Hopes are high for the OPEC meeting on 30 November. A programme of cuts to supply that was initiated last year by OPEC and some non-OPEC members (we’ll refer to the two collectively as ‘OPEC/NOPEC’) has resulted in the oil price steadily rising from its lows to just short of $60 a barrel at the moment. The presumption from investors is that those cuts to production will be extended for a further nine months into next year. Data from the Commodity Futures Trading Commission (CFTC) shows that bullish speculative positions on the future price of crude oil are at all-time highs.
Investors are getting ahead of themselves. OPEC will surely extend the programme of cuts – it’s hard to imagine they’d let markets get this far ahead of themselves without any basis – but there’s plenty to suggest that the cuts won’t be extended by the full nine months.
The OPEC/NOPEC alliance isn’t as tight as it was. Tensions in the Middle East have increased since the agreement was made. This is making dialogue ahead of the meeting among the various countries more challenging and harming the chances of them coalescing on a common position.

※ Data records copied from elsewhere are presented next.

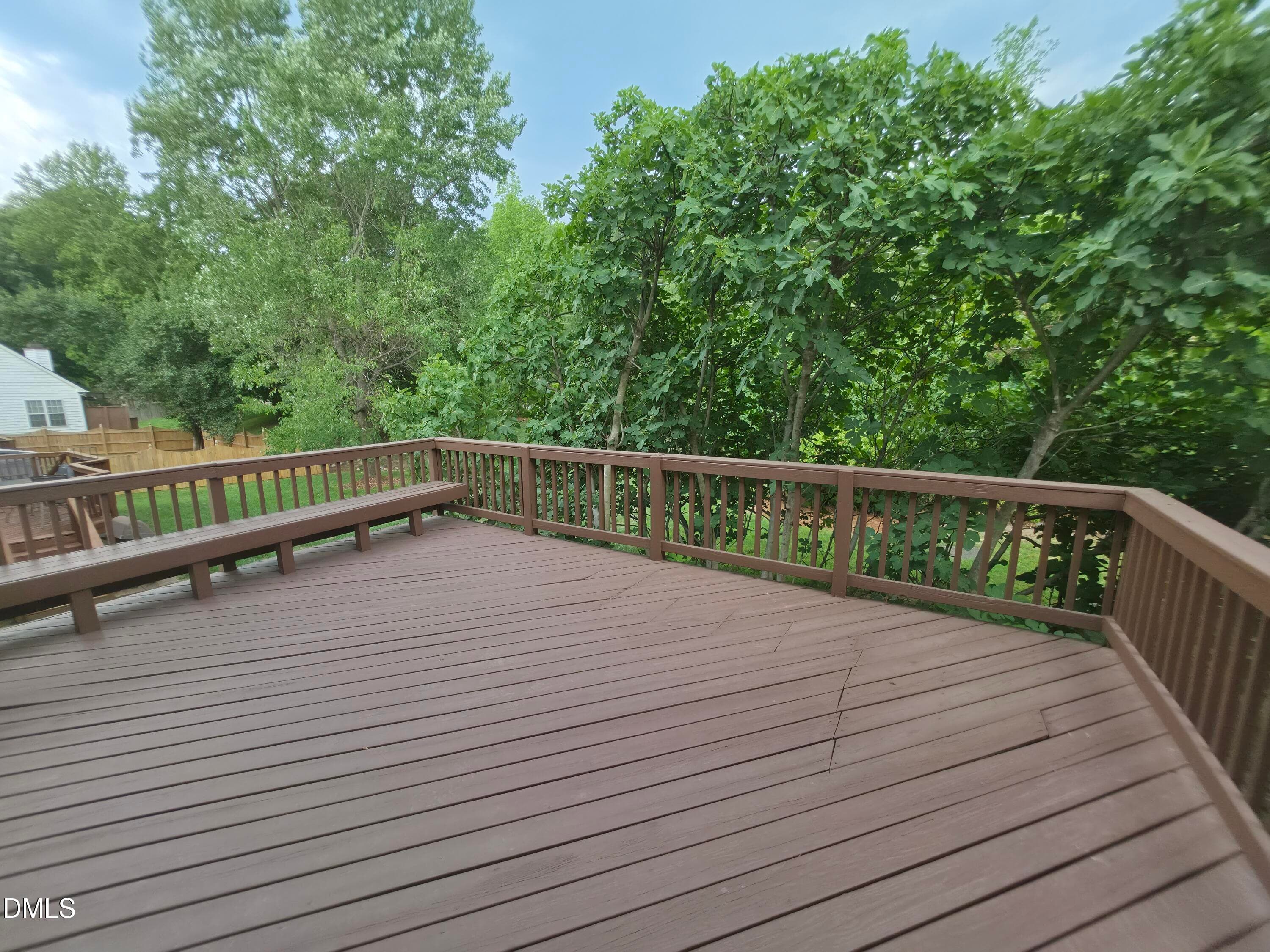 20260705_155454 - 8717 Springhouse Lane, Raleigh, NC 27617, Raleigh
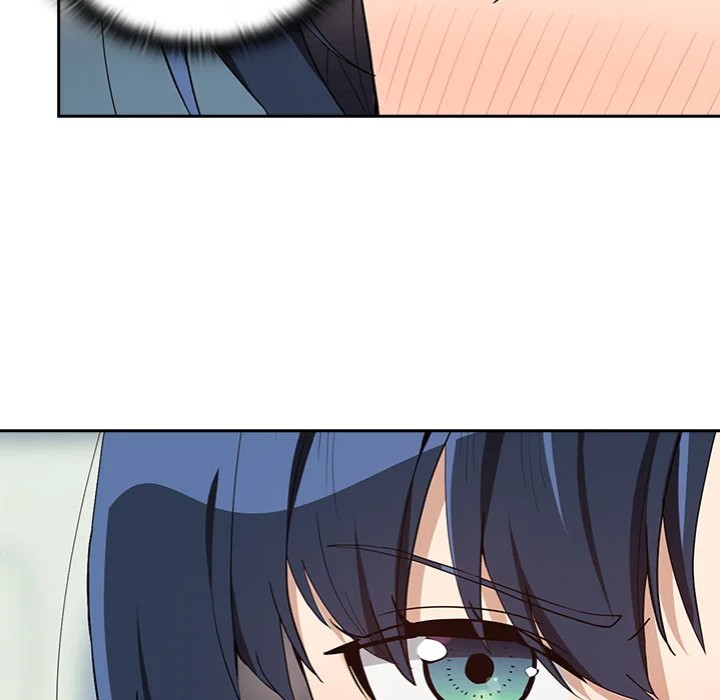 After Work Love Affairs - Chapter 76 [photo 91] - MangaPorn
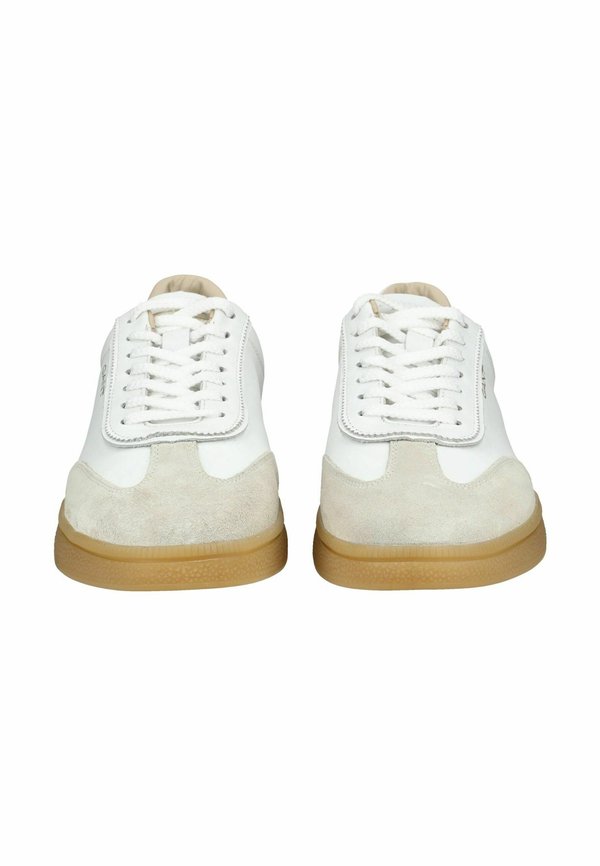 GANT
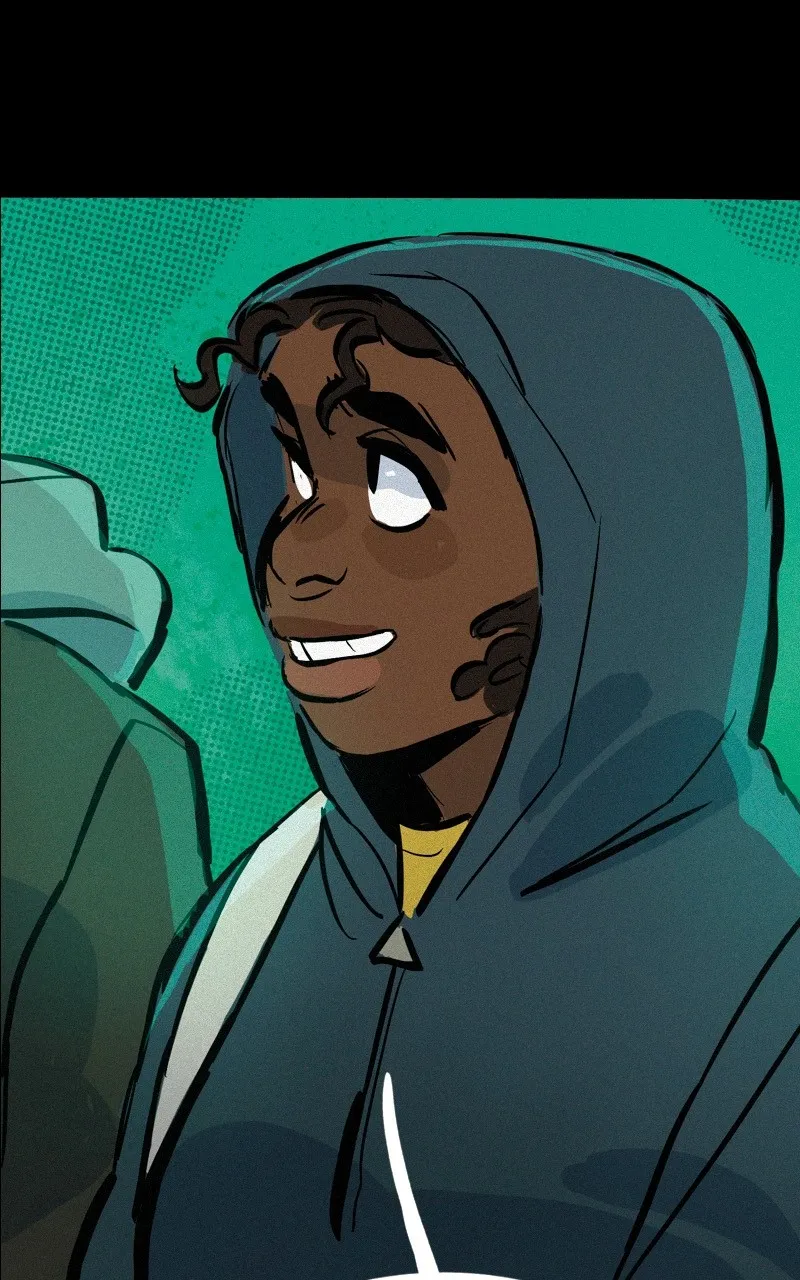 After Dark Chapter 35 page 72 - 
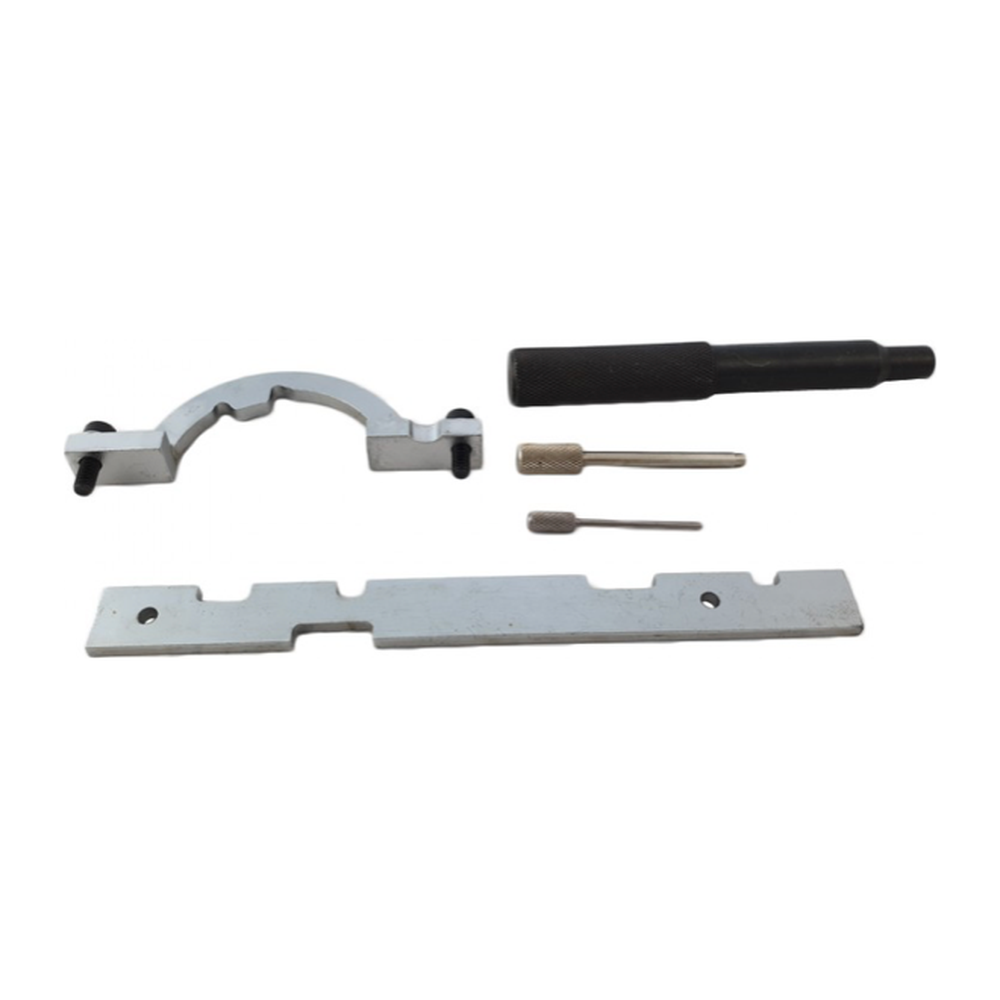 Timingset Opel 1.0, 1.2, & 1.4 12& 16V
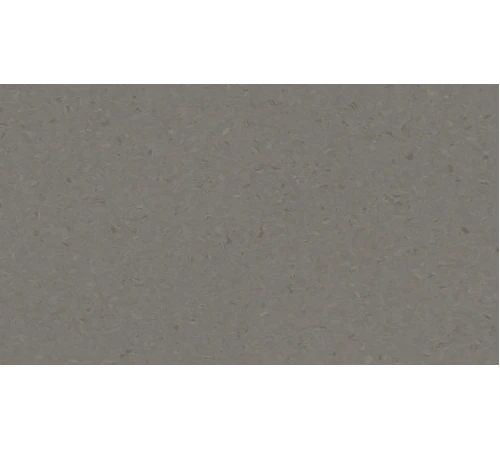 Линолеум Tarkett iQ NATURAL - Natural DARK WARM GREY 0385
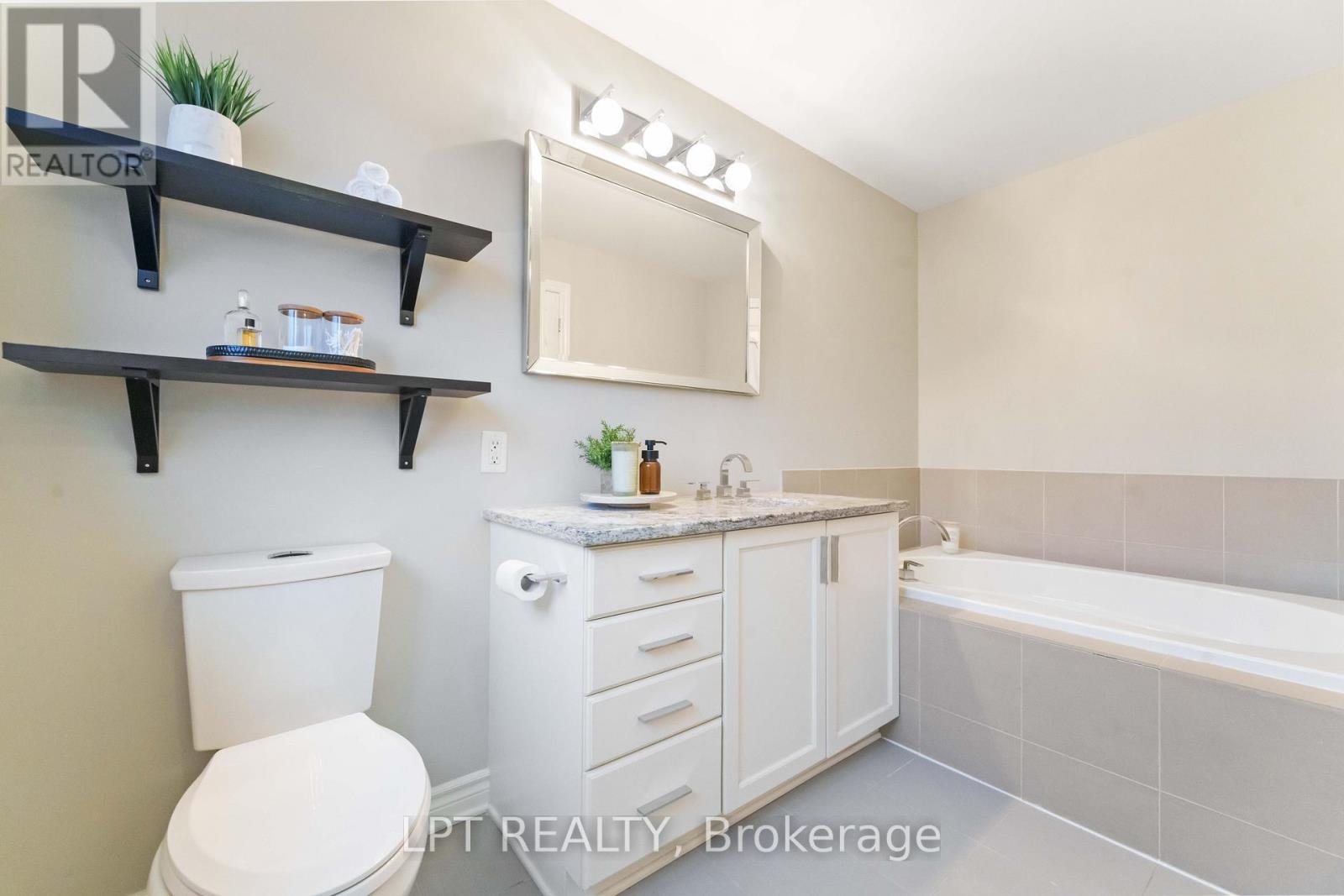 102 Calvington Avenue, Ottawa, Ontario  K2T 0H7 - Photo 16 - X12531956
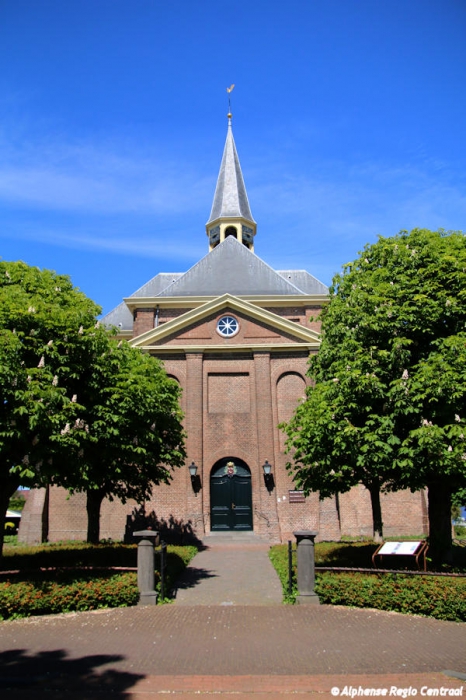 Klik op de foto om originele grootte te bekijken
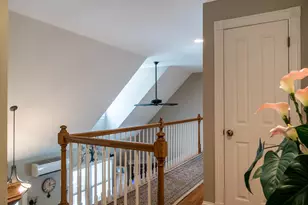 9 Strawberry Patch Ln, Freeport, ME 04032 - Photo 26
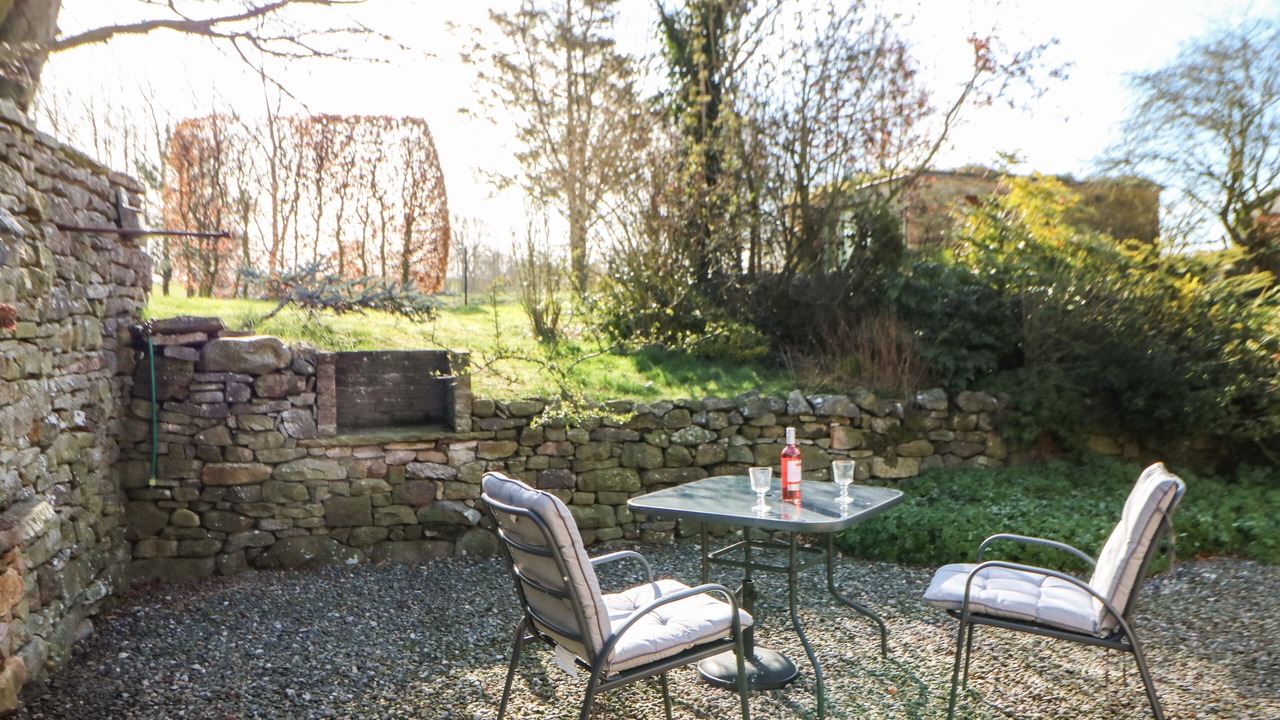 Photo of Others in Soulby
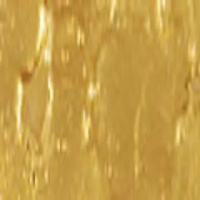 Matisse Structure Artist Acrylic 250Ml Series 4 Metallic Gold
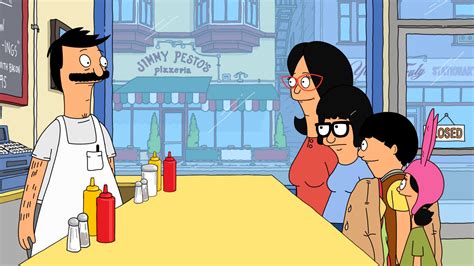 how to watch bob's burgers|bob s burgers streaming platform.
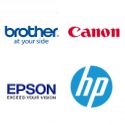 Picture for category Kompleti tinta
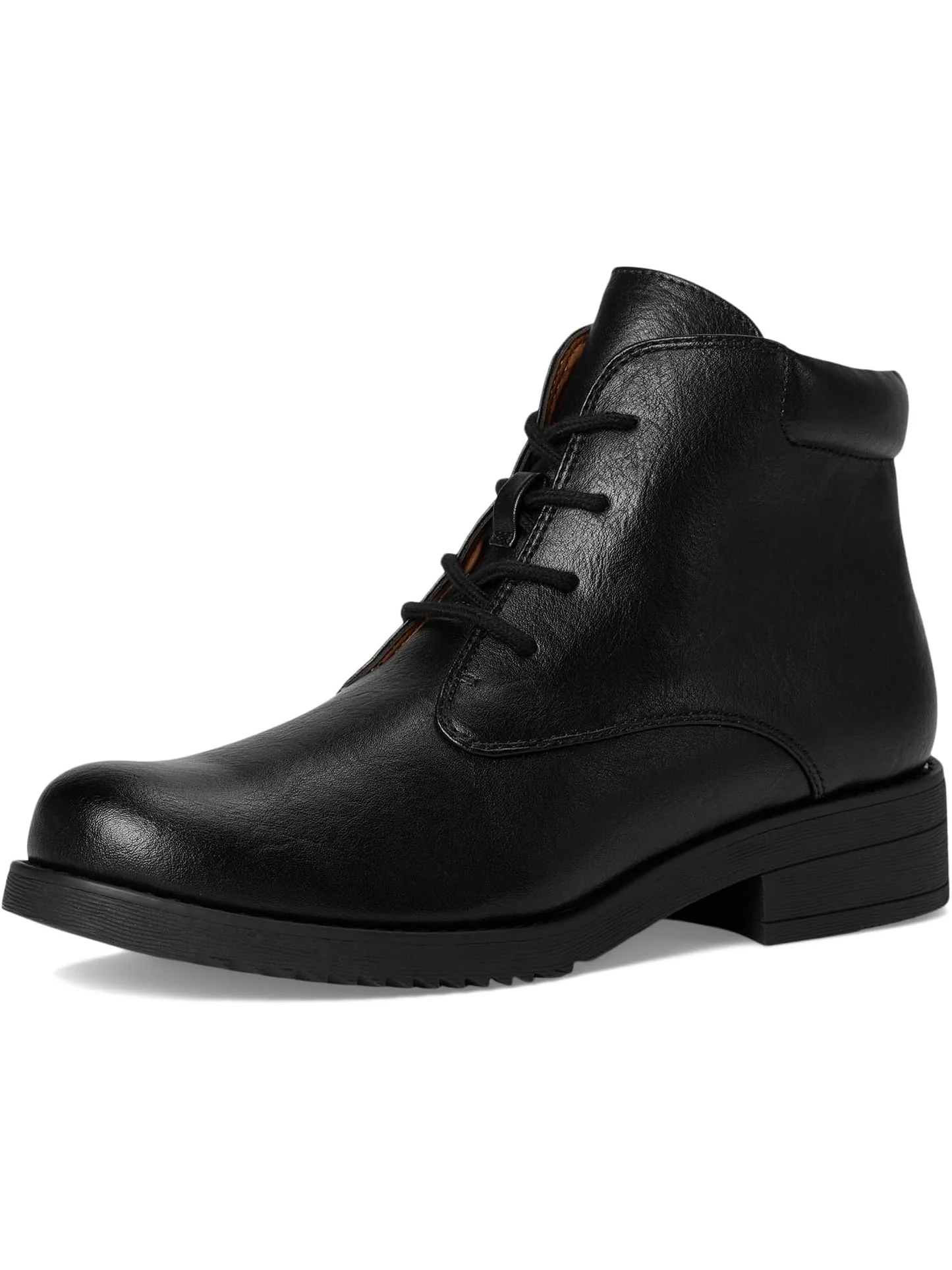 Ботинки EuroSoft Women's Carmella — изображение 7 из 7, черный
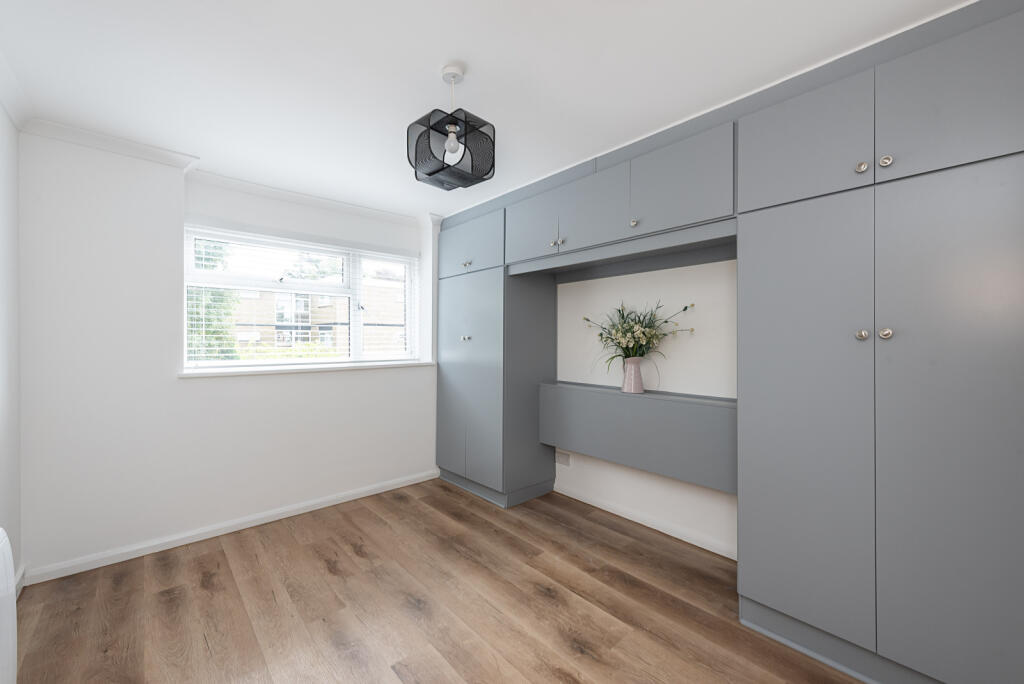 Additional image 4 of The Cedars, Milton Road, Harpenden, Hertfordshire, AL5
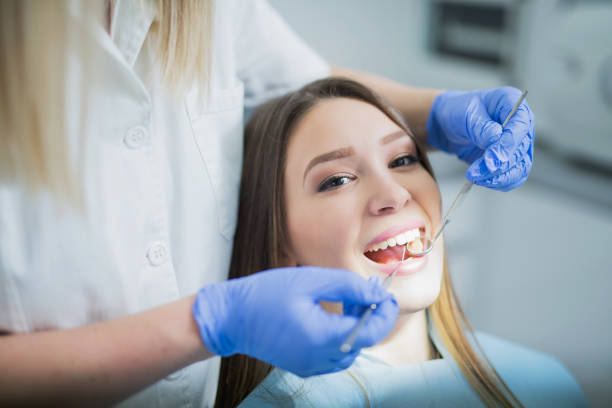 Best Traditional Braces  in Springfield, CO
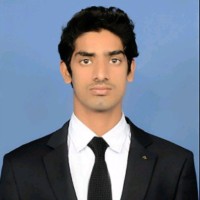 Shaik Mohammed Asif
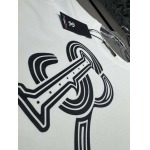 2025年4月8日入荷新作Stefano Ricci半袖 Tシャツ高級品/MP工場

Supply disruptions are at historically low levels…and that’s unlikely to continue.
Even if there is decent cohesion among OPEC/NOPEC, the group is likely to see risks in extending the cuts for nine months. Supply disruptions are at historically low levels of around 1.5 million barrels per day at the moment and that’s unlikely to continue. Venezuela is at risk from a lack of capital for maintenance and additional development. Meanwhile in Nigeria, a truce with the Niger Delta Avengers - a militant group that has previously attacked installations and pipelines - is due to come to an end.
If supply disruptions increase, this will push prices up to a level where suppliers outside of the OPEC/NOPEC deal will return to the market, regardless of any extension. OPEC/NOPEC ultimately doesn’t want prices much higher than where they are currently, partly for this reason.
Russia has grown weary of supply restrictions. This is borne out by its actions as it continues to develop new extraction sites and pipelines to increase export capacity. Russia will increase production as it looks to increase tax revenues for the government. Russian companies have been very vocal about their concerns that the rebound in the oil price has resulted in US producers coming back to the market and taking market share. These are not the actions of a country looking to restrict supply.
Developments in China are making the market appear fundamentally better than it is. Imports of crude oil in September were among the highest on record. Some of this was down to large purchases into government storage facilities, but these do not represent a sign of sustainable demand. It’s simply shifting the storage of global oil supplies from one place to another. Meanwhile, the addition of two large refineries is likely to increase Chinese demand by 600,000 barrels per day. But much of this will be exported so the refineries do not represent some significant uptick in domestic Chinese demand.
An extension of the OPEC/NOPEC agreement is more than likely. OPEC has increasingly borrowed the concept of forward guidance from central banks to guide markets as to its thinking. It would not have let the belief in an extension linger this long if it wasn’t likely. But it’s more likely that the agreement is extended to some point in the second quarter of next year. Global oil markets are a tapestry of competing pressures with myriad interwoven domestic and international sensitivities and politics. Investors should remember that as their enthusiasm builds in the run-up to the OPEC meeting.